As the ecology in the Gulf circles the sticky tar drain of evolution, and countless livelihoods spanning at least four states going down with it, Americans are wondering where their Superman is. The disappointment that President Barack Obama seems stuck in the phone booth, still deciding whether to get his suit on, is nothing new. Those of us hoping for similar action in Afghanistan have been waiting for more than a year.
Turns out that Obama doesn’t really do bold and heroic – it’s not his style – and he certainly doesn’t come off as decisive, unless he’s pushed. Where George Bush was “the decider,” Obama seems to lead by committee, and not the kind of committee that gets things done. He takes too much time, and then when he does make a move, it always seems designed to please competing political constituencies while delaying the big blows for later. He did this with health care reform, an expensive hodgepodge of remedies no one was entirely excited about. He did this early this year in Afghanistan, increasing the troop levels, but by half of what the hawks had demanded. He finally set a withdrawal date of July 2011, which pleased the doves, but it came with fungible “conditions” and was still nearly two years away.

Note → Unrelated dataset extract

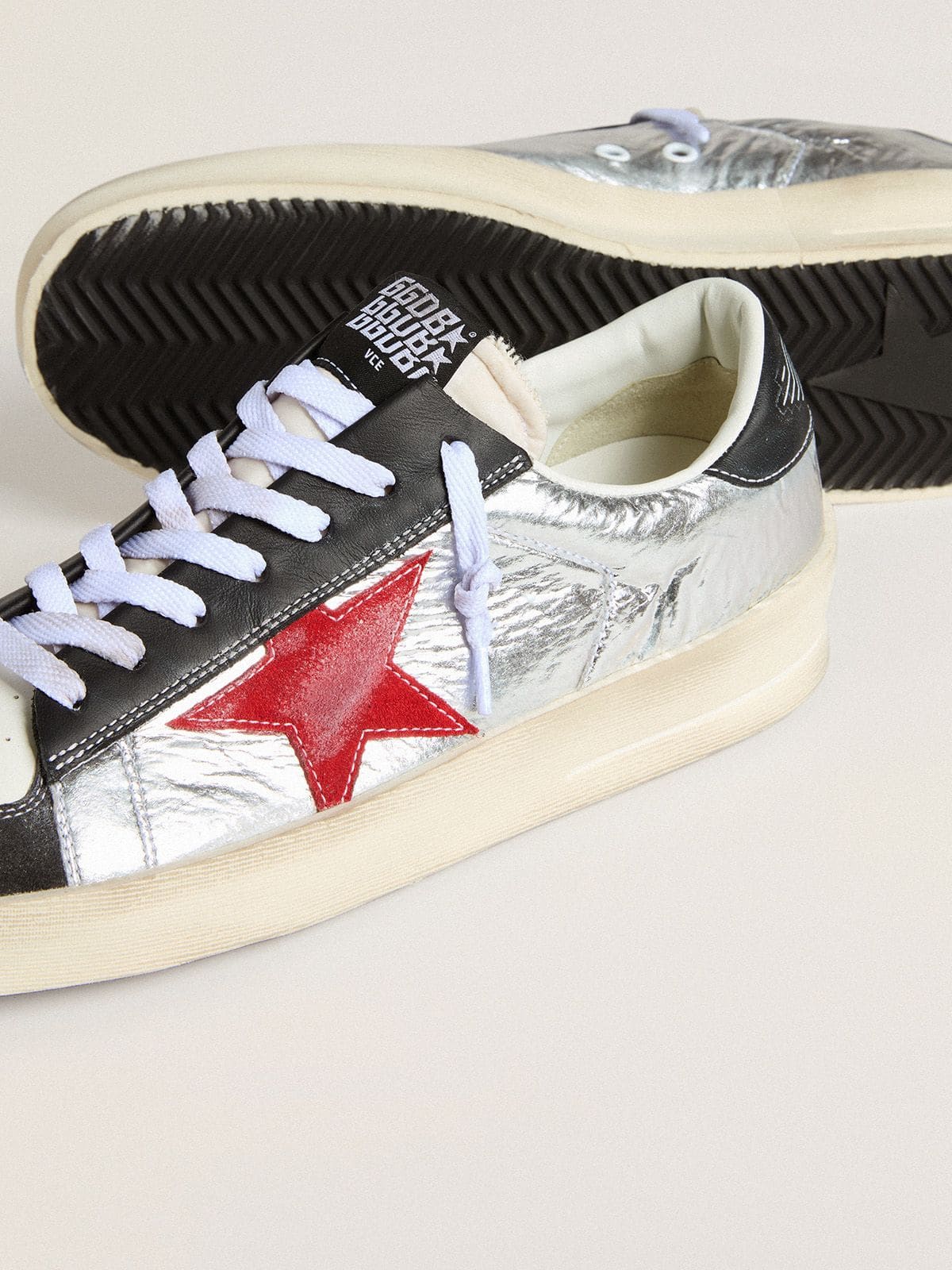 Men’s Stardan in laminated silver nylon with burgundy suede star - Golden Goose Men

Now, after numerous “assessments,” strategy “briefings,” and goal recalibrations, we are now being told that December is the next non-benchmark in which the president will “evaluate” the progress of the counterinsurgency in Afghanistan. This pseudo D-Day – as all of these non-benchmarks have become – will supposedly guide whether the military will be able to start withdrawing troops from Afghanistan at the established timeline.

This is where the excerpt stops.